I don't see anything "Wrong" with your stock airbox as you describe it. Also I think one of those pipes you see may be a transmission breather.

As everyone has already said a CAI will give you the most horsepower for your dollar.


----------



## xluv2eatx (Oct 22, 2002)

Mr SEntra said:


> *A V8, are you serious? I think it's pretty subjective, but that's your butt dyno compared to mine.
> 
> I definitely agree to take out all that stock crapola. My vote goes for Injen, but whatever you're happy with spending your money.  *


my vote is with you too...id go for injen also, but im still leaning toward the weapon-r dragon intake system...


----------



## Guest (Oct 26, 2002)

haha well we all know I exagerated with the V8 comment for emphasis, but it does make a very noticable difference compared to the day I drove it off the lot.  

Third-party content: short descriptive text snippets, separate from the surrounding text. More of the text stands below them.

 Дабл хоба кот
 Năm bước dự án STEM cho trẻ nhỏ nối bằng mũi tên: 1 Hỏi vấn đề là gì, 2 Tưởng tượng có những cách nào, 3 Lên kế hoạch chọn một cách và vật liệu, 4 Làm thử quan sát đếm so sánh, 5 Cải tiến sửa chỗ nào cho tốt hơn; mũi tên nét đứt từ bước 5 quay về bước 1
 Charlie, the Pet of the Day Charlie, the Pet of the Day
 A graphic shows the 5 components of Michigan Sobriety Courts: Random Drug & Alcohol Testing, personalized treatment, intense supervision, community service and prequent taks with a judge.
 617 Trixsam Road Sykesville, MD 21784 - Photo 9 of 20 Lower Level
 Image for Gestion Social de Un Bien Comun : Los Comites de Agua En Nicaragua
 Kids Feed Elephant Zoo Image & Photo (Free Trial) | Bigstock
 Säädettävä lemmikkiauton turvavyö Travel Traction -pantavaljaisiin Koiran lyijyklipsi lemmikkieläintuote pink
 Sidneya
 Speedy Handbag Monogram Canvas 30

The butt dyno does ad a few more horses to the top end... I have no real fact based opinions on what the best intake is... and to be perfectly honest if an injen intake was the one hanging on the wall when I walked into the tuner shop, then that's the one I would have went with. Just happend to be AEM. In the end I'd say it's really 6 of one and a half dozen of the other when it come to differences in power gain/performance. 

I've heard goo dthings about dragon as well, but I didn't think they made'em for the SPEC V yet? I know 3 for sure, Injen AEM and Hotshot...

hopefully teh aftermarket scene will adopt the SPEC V more quickly now and they'll start making the parts for it. They're especially har dot get way up here in Canada!  

Cheers


----------



## Mr SEntra (Oct 7, 2002)

I was just trying to give you a hard time Silver.  I definitely understand what you're saying.


----------



## Guest (Oct 26, 2002)

oh no worries there Mr Sentra.  

It's all good. You gotta give the rubs now and then. Keeps everyone honest  

I'm pretty new to this whole import thing but I gotta say (traded in my 99 Dodge Dakota V8 4x4 for my SPEC V) - call me crazy but so far I'm glad I made the switch. 

Cheers


----------



## Mr SEntra (Oct 7, 2002)

Hehe, you know what's funny? My last car was a B14 GXE with intake and exhaust, springs and rims and tires. I had a tint and a decent system. Damn was that the love of my life! The only problem for me is that it was an automatic. I've seen a few people going for turbo, like Chef's GA16DE TURBO, so I was going to keep it. I sold it and bought my B15 and I've been really happy ever since. I think I have a new respect for our Sentra's with so much diversity from the Classic's to the Spec V. I'm very happy with my SE. 

BTW: Now I can see where you made a V8 reference.


----------